But nearly across the board, our participants reported a desire for more of this — more direct attention from an engaged, invested listener and interlocutor. Although Helen’s experience was really valuable, this approach could also work with good listeners who aren’t writing coaches.
Simply having a space where your ideas and writing struggles can feel attended to and honored by someone you have come to trust can be revelatory. So often, our ideas come out so much more fluidly when we are articulating them out loud to someone who cares than when we try to write them down for an imagined audience. It is so helpful to have someone serve as that kind of sounding board and reflect back to us what they think we are trying to say, where the spark is, and where any confusions lie.
A retreat can be more affordable than a conference.
Anna: We are sensitive to the costs associated with an event like this, especially in these tough financial times for higher education, but many of its elements could be recreated on a local level at little-to-no cost — especially if the contributors to a project live in the same region and if you make use of digital platforms and local expertise at campus writing and teaching centers. Even at the scale we are describing here, our costs were much less than those of the average conference attendee (who pays meeting fees as well as hotel, meal, and travel expenses).

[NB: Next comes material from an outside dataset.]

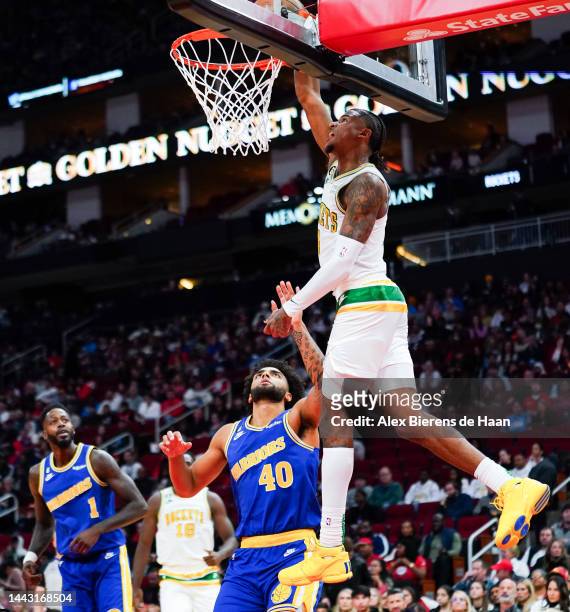 Jalen Green of the Houston Rockets dunks the ball during the game against the Golden State Warriors at Toyota Center on November 20, 2022 in Houston,...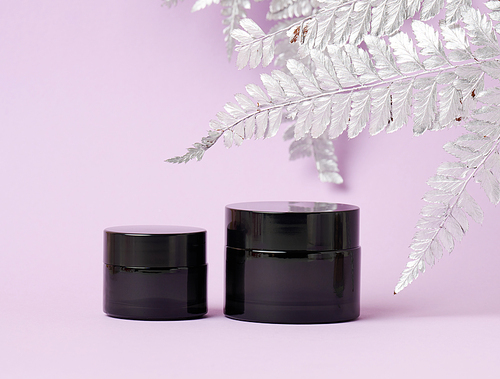 black glass jar for cosmetics on a purple background. Packaging for cream, gel, serum, advertising and product promotion, mock up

The total cost of our event was under $8,000, but ultimately, no one paid any out-of-pocket expenses. The shared house was far more affordable than a typical hotel (around $1,600 to house 15 people for two nights), and the house kitchen helped keep food costs low. We kept the combined transportation costs around $3,500. We were lucky to be able to cover everyone’s expenses and Helen’s writing-coach fee using grant money from one of the editors’ institutions (Lafayette College).
A final joint message.
Perhaps the key takeaway of all of this is that community matters. The points above — on creativity, process, storytelling, accessibility, and attention — all ultimately come to life when we work with others. The solitary nature of writing makes the experience not only lonely, but also often less effective.
We rarely write only for ourselves — even when it feels like we are, we’re often holding an audience of some kind in mind. Why, then, wait until review or publication to engage with those audiences or with other writers?
It’s true that traditional academic conferences can be spaces for that kind of togetherness. But for too many people, they can feel stodgy, artificial, and exclusive. What if we reimagined more conferences to be smaller, more dispersed, and more intimate? What if we made space for all who are present to be invited into the dialogue, to share in the writing process and the experiences of that fertile and frustrating time? What if we recognized the value of writing expertise and connecting with those in other fields for outside guidance, along with training our own students to focus more on the often-unspoken aspects of the writing and research process?
We believe that these directions could transform academic work, producing not only stronger, more influential scholarship, but also happier, more engaged scholars — which is to say, humans.